The second objection made by the defendant is, that the plaintiffpermitted the judgment debtor to have entered on the docket the words “ secured by appeal,” without any notice to the sureties.

*73The entry was made in obedience to an order of the judge, which was granted upon application of the attorney of the said DeGroot, who had obtained the consent of the plaintiff’s attorneys that such order be made; neither the plaintiff nor the sureties having had any personal knowledge of the consent to the order. Though it would be highly proper to give notice to the sureties, and the judge might perhaps refuse to grant such order without notice to them, yet the statute does not require it. It only requires notice to the person “ owning the judgment?
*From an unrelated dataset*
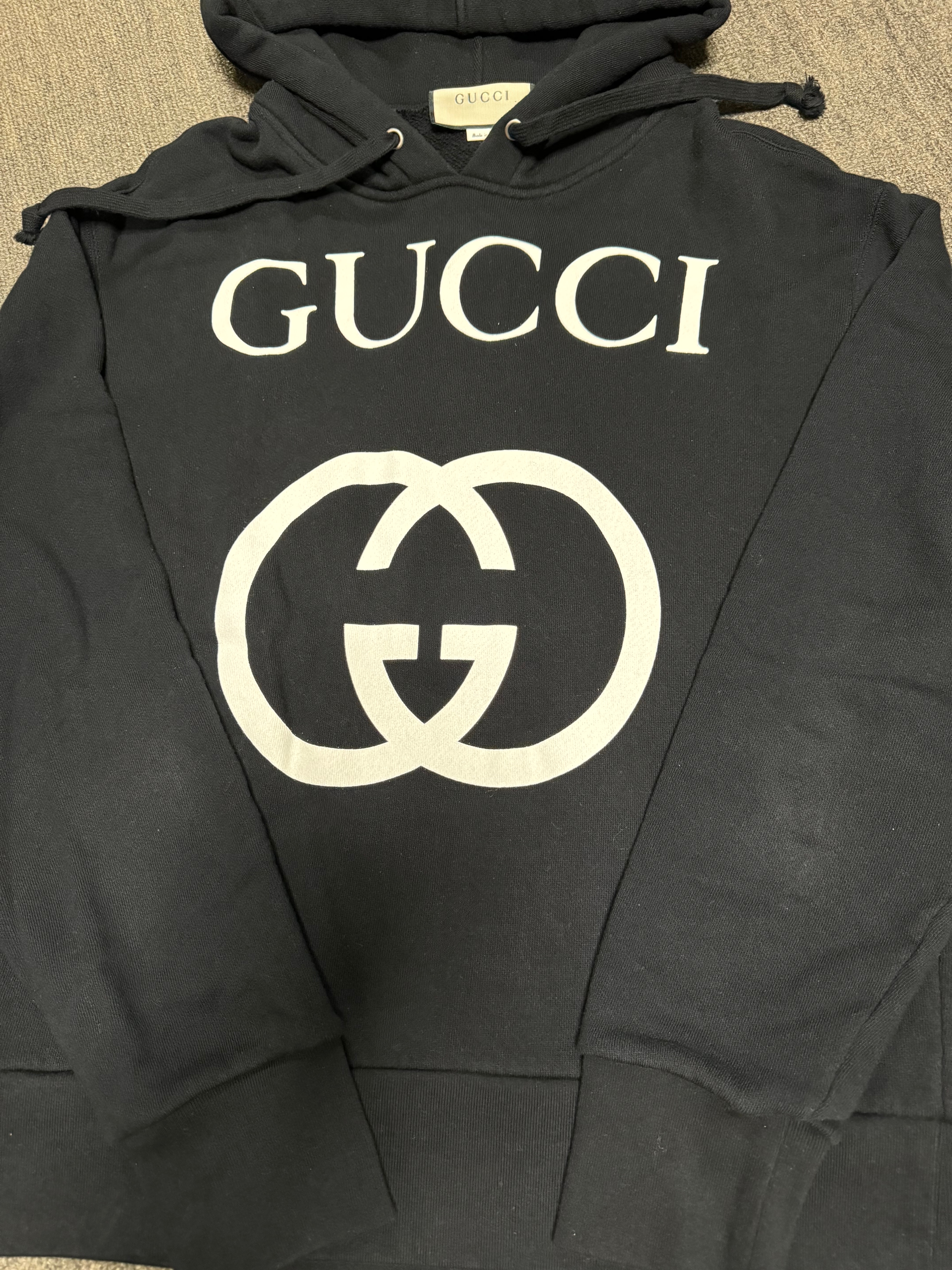 GUCCI Hooded Sweatshirt With Interlocking G "Black"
When sureties join in an undertaking, they are presumed to know the legal effects of their act, and that one of those effects will probably be to release the real estate of the debtor from the lien of the judgment. In most instances that is one of the very objects for which the undertaking is executed. The plaintiff has done nothing of which the defendant can reasonably complain.

The defendant’s next objection is, that the judgment debtor has appealed to the Court of Appeals from the judgment of this court, and perfected his appeal.

It appears from the case that this action was commenced on April 26,1856, and that the appeal was taken on the 9th of June following, and that the notice of appeal was served simultaneously with the answer.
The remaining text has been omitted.